[Opening RECORDS TO USE section]
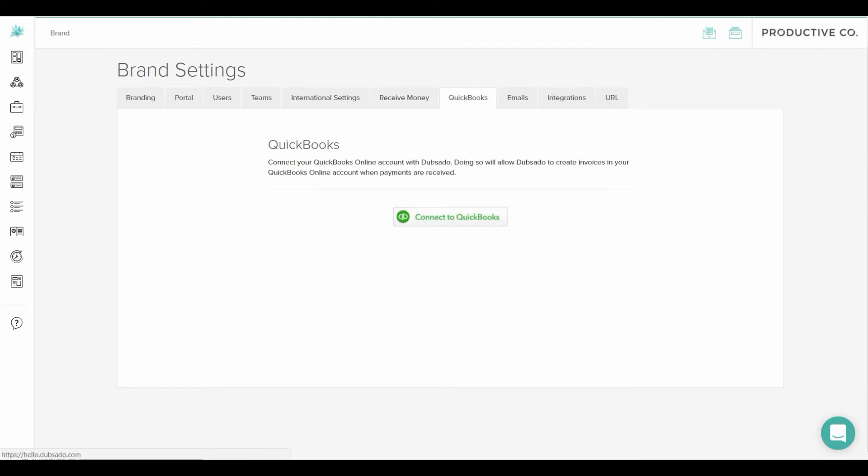Then there's the QuickBooks tab. Dubsado does have bookkeeping features but if you want something more advanced you can connect Dubsado to QuickBooks. However, you will need the version of QuickBooks called QuickBooks Online. There are several different versions of QuickBooks. You must have the one called QuickBooks Online.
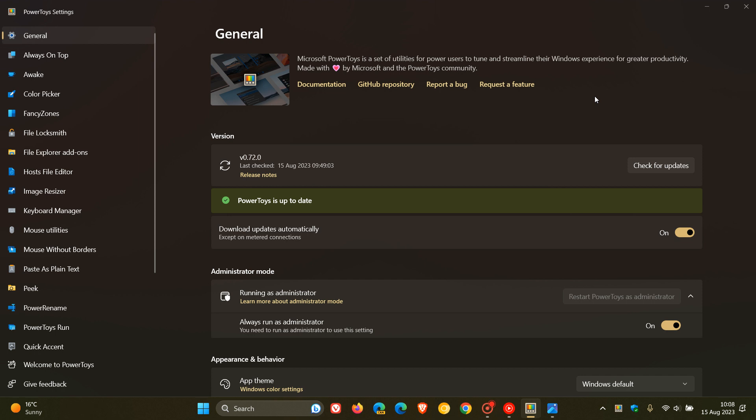Now, earlier this month, as I did post, Microsoft rolled out PowerToys version 0.72, which introduced a smaller installation size for the actual app, new plugins for the run utility and enhancements to the mouse highlighter and power rename. Now, if you would be interested, I'll leave that video down below. But just to let you know that if you are using the app,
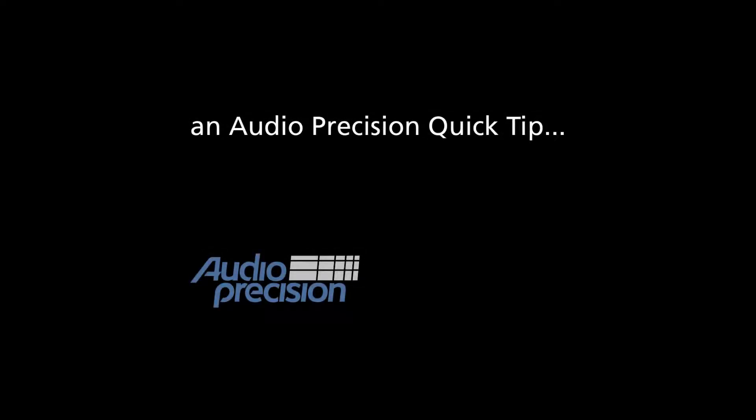Hi, this is Alex Maines with an Audio Precision Quick Tip. Quick Tips provide a brief look at an APX500 feature or function.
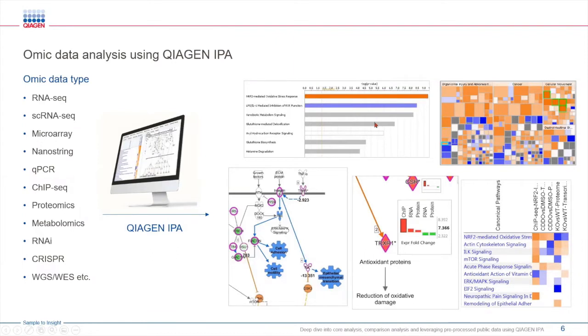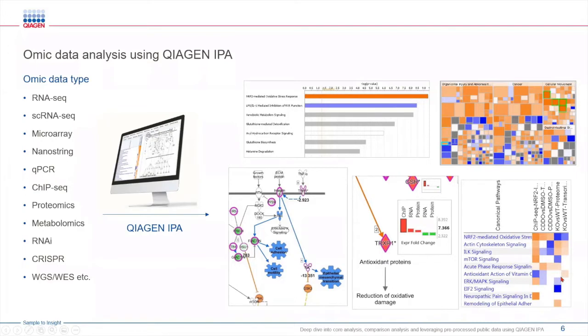IPA can also identify biomarkers, key regulators that are associated with your data set. And you can also compare multiple data sets side by side to observe similarities or differences within those experimental conditions.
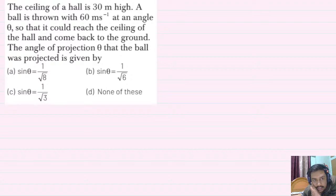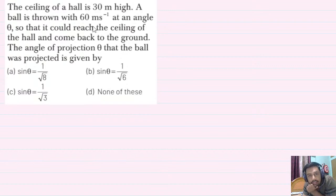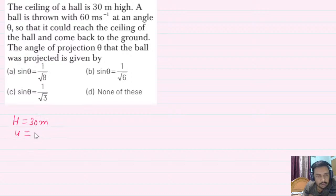Hello students, this is the next question on my screen. The ceiling of a hall is 30 meters high. A ball is thrown with 60 meters per second at an angle theta so it could reach the ceiling of the hall and come back. What does the ceiling of the hall mean? Maximum height. Maximum height is 30 meters. The velocity with which the ball is thrown is 60 meters per second. The angle is theta.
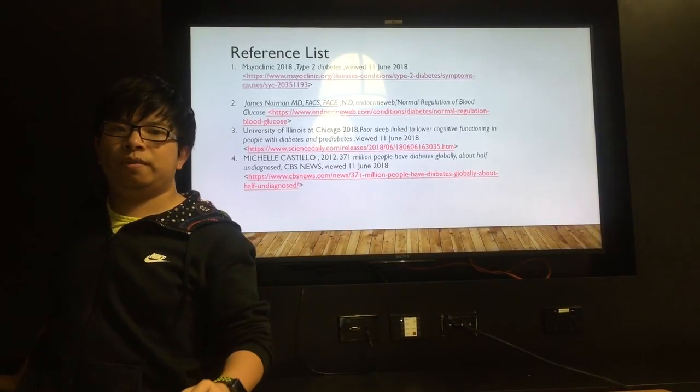Therefore, a healthy lifestyle is very important for us. Thanks for listening. This is the reference list from my presentation.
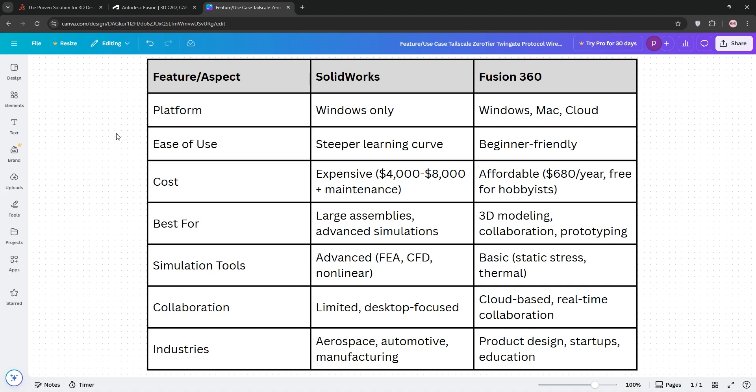Check out our chart below for more details, and that's it! Like and subscribe for more tech breakdowns, and let us know what your favorite CAD tool is in the comments section below.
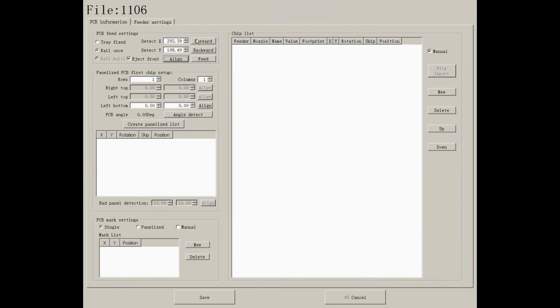Please do not press forward or backward, or you will change the PCB's position. And please do not press fit.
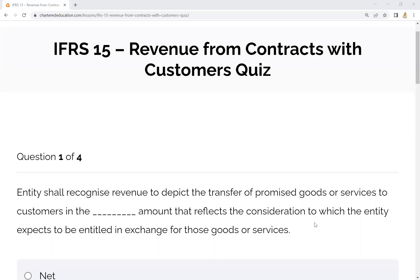Assalamualaikum. We have done a video series on IFRS — IFRS 16, IFRS 15, and IFRS 9 have been discussed earlier. Now we are going to discuss the second level of IFRS. Today's discussion is starting from a quiz. We have asked the question from IFRS 15, Revenue from Contracts with Customers.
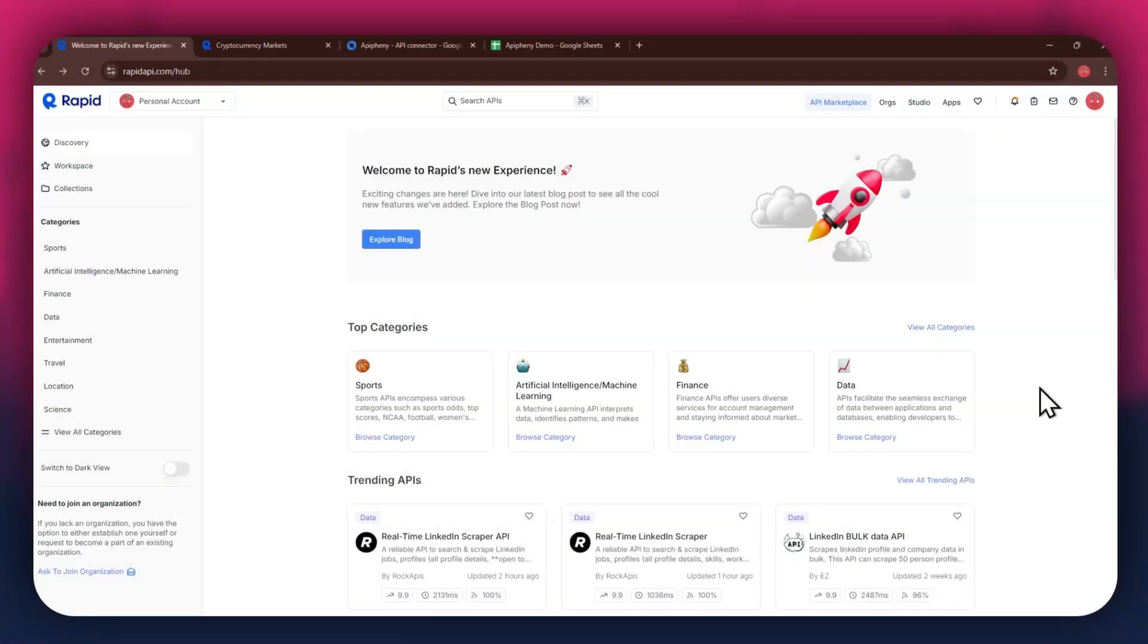Hi there, today I'm going to show you how to get cryptocurrency data into Google Sheets using a free API.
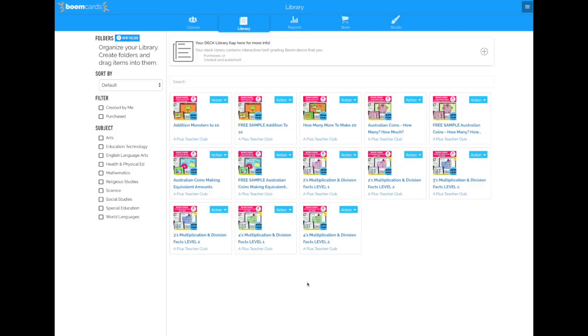Hi everyone, it's Vicki here from A Plus Teacher Club. In this video, I'm going to share with you how to share BoomCards in your Google Classroom using the HyperPlay link.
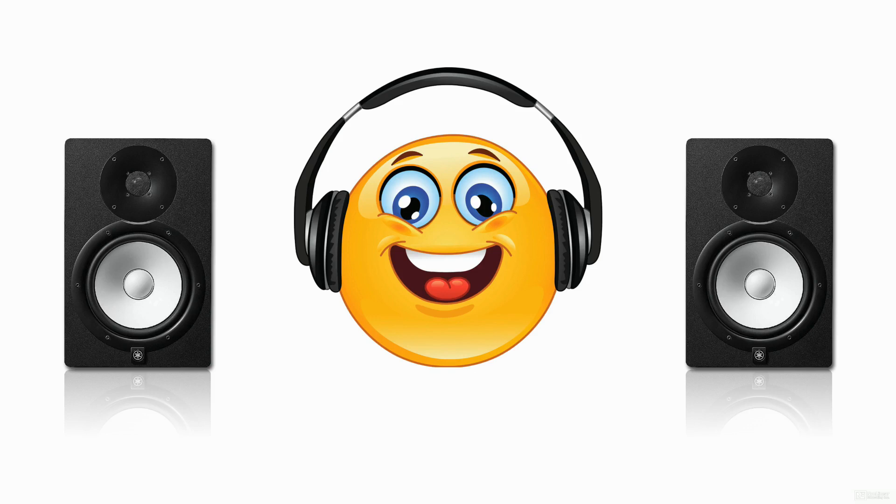In the next tutorial, we will look at the channel strip in Logic's mixer and the path your audio takes once it's in Logic.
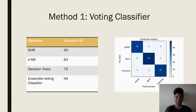The voting classifier gave us an overall accuracy of 94%. Alongside is a confusion matrix which was generated from this.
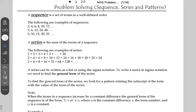We're doing problem solving — sequences, series, and patterns. A sequence is a set of terms in a well-defined order. Examples include: two, four, six, eight, ten, twelve — the sequence of consecutive even numbers; three, six, twelve, twenty-four, forty-eight — where the amount being added is always doubled; and five, ten, fifteen, twenty, twenty-five — multiples of five.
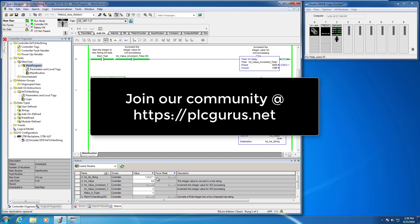So I hope you found this video informative. Please subscribe to our channel, head on over to plcgurus.net and download your AOI today, and thank you for watching.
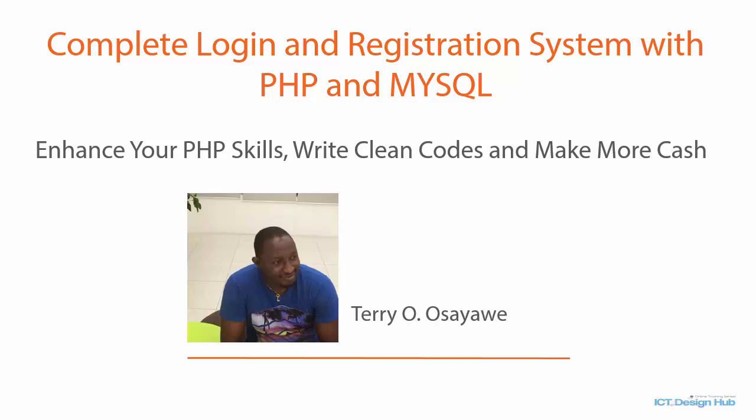Hello and welcome to the course Complete Login and Registration System with PHP and MySQL. My name is Terry and I will be guiding you through this course.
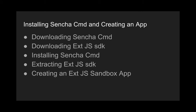So in this video I'm going to cover installing Sencha Cmd and creating an app. I'll start off with downloading Sencha Cmd, then I'll download the ExtJS SDK and then I'll go over installing Sencha Cmd, extracting the SDK, and then creating a sample app at the end.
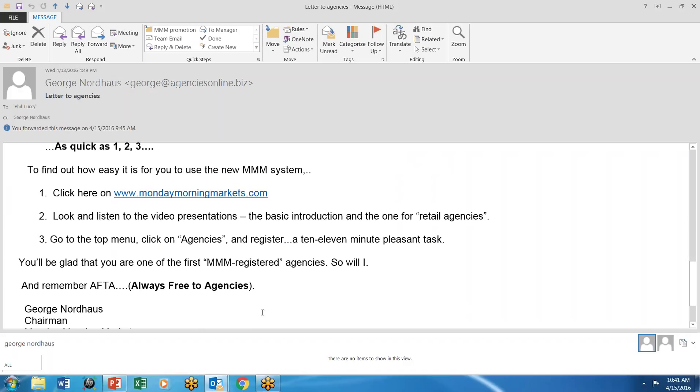And that'll be a beautiful thing. But here's the big deal. It's always free to agencies. And you do it once and it never has to be done again. Trust me on it. But go into Monday Morning Markets and you'll see it. In the meantime, again, I'll see you next Monday morning.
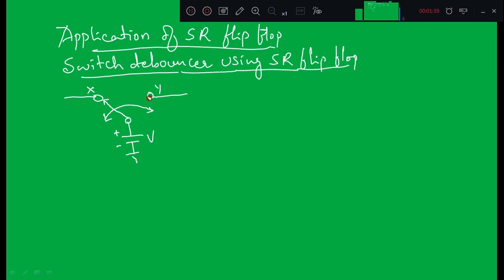When the switch is moved from point X to Y, it will not get connected to Y suddenly. It will take some time and will perform make and break operations. Initially when it is thrown from X to Y, it will get connected with Y, but due to the inertia present in the spring it will leave for a certain time, then again make contact with Y.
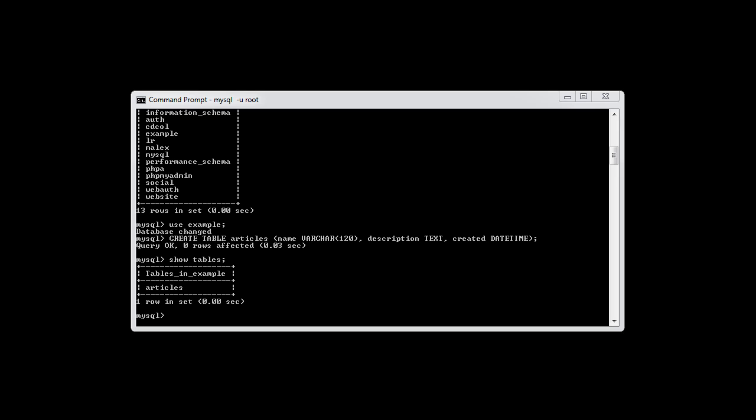We already know how to create a table and show the tables within our database. But how do we take a look at the structure of a specific table? There's a command in MySQL called DESCRIBE, and what this will do is describe a table for you in the structure.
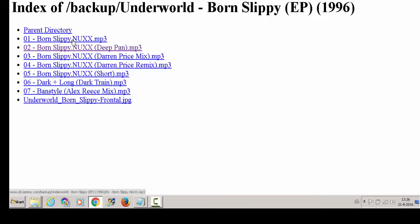And because within Google Chrome you can actually listen to MP3 files, just click on it and you listen to MP3. And this is Born Slippy by Underworld.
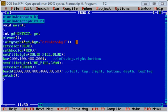Hello friends, I am Sanjay Gupta. In this video I am going to demonstrate bar and bar3d functions used in graphics in C.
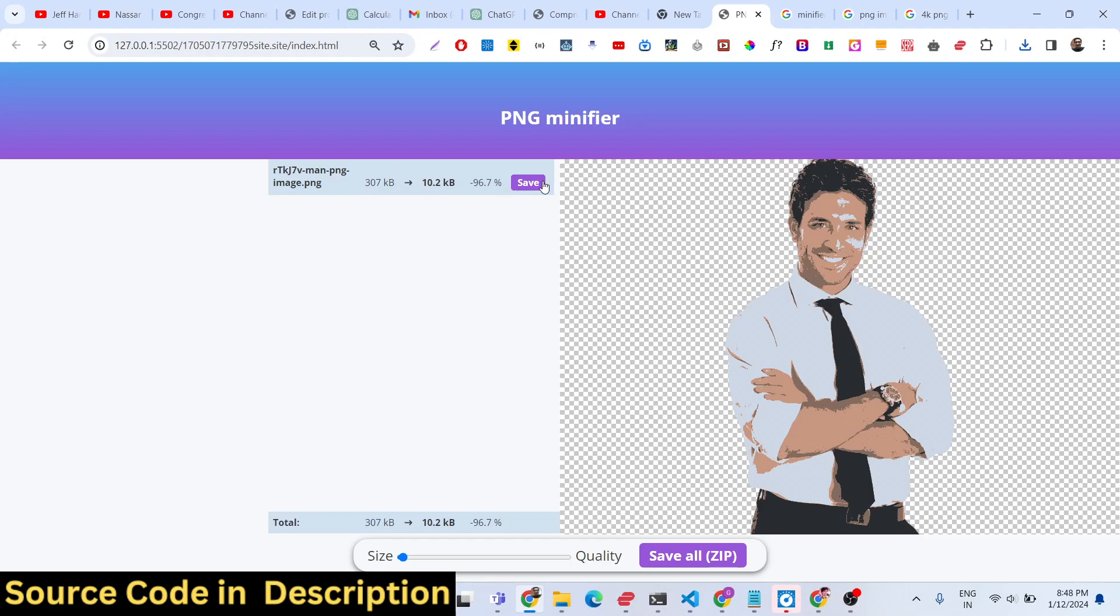You can deploy this application to your own website and earn ad revenue as well. Many websites are available on internet which allow you to compress PNG images.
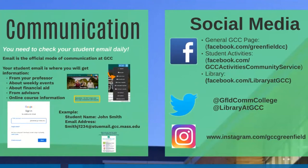Let's talk communication. Communication is super important. One of the main ways that communication happens at GCC is through your GCC email account. This is the part of the presentation where I really stress the importance of checking that account and checking it every day.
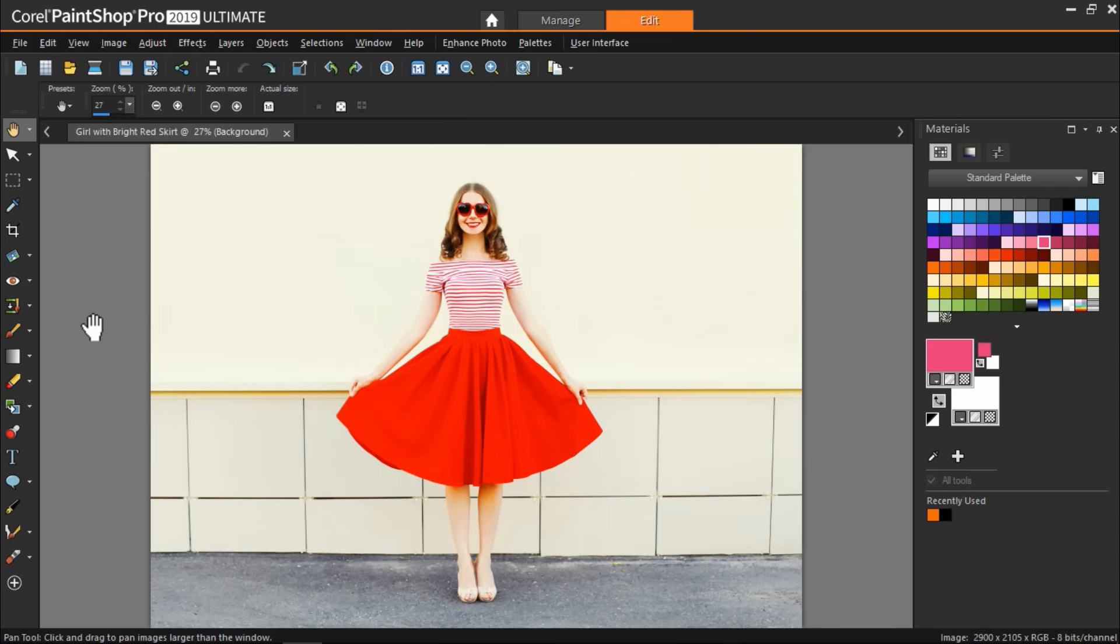In this example we're going to use one of the selection tools first to select an object so that when you use the color changer it only works on the selected area. I've got this image of a woman with a bright red skirt on. But I want to change just the skirt color.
[Closing RECORDS TO USE section]
YOUR TASK
The stretch above running from the line with "Check out our" through the line with "Assalamualaikum. We have" is all you should copy, exactly, leaving out the pictures.

RESPONSE AREA
Check out our chart below for more details, and that's it! Like and subscribe for more tech breakdowns, and let us know what your favorite CAD tool is in the comments section below.
Please do not press forward or backward, or you will change the PCB's position. And please do not press fit.
Assalamualaikum. We have done a video series on IFRS — IFRS 16, IFRS 15, and IFRS 9 have been discussed earlier. Now we are going to discuss the second level of IFRS. Today's discussion is starting from a quiz. We have asked the question from IFRS 15, Revenue from Contracts with Customers.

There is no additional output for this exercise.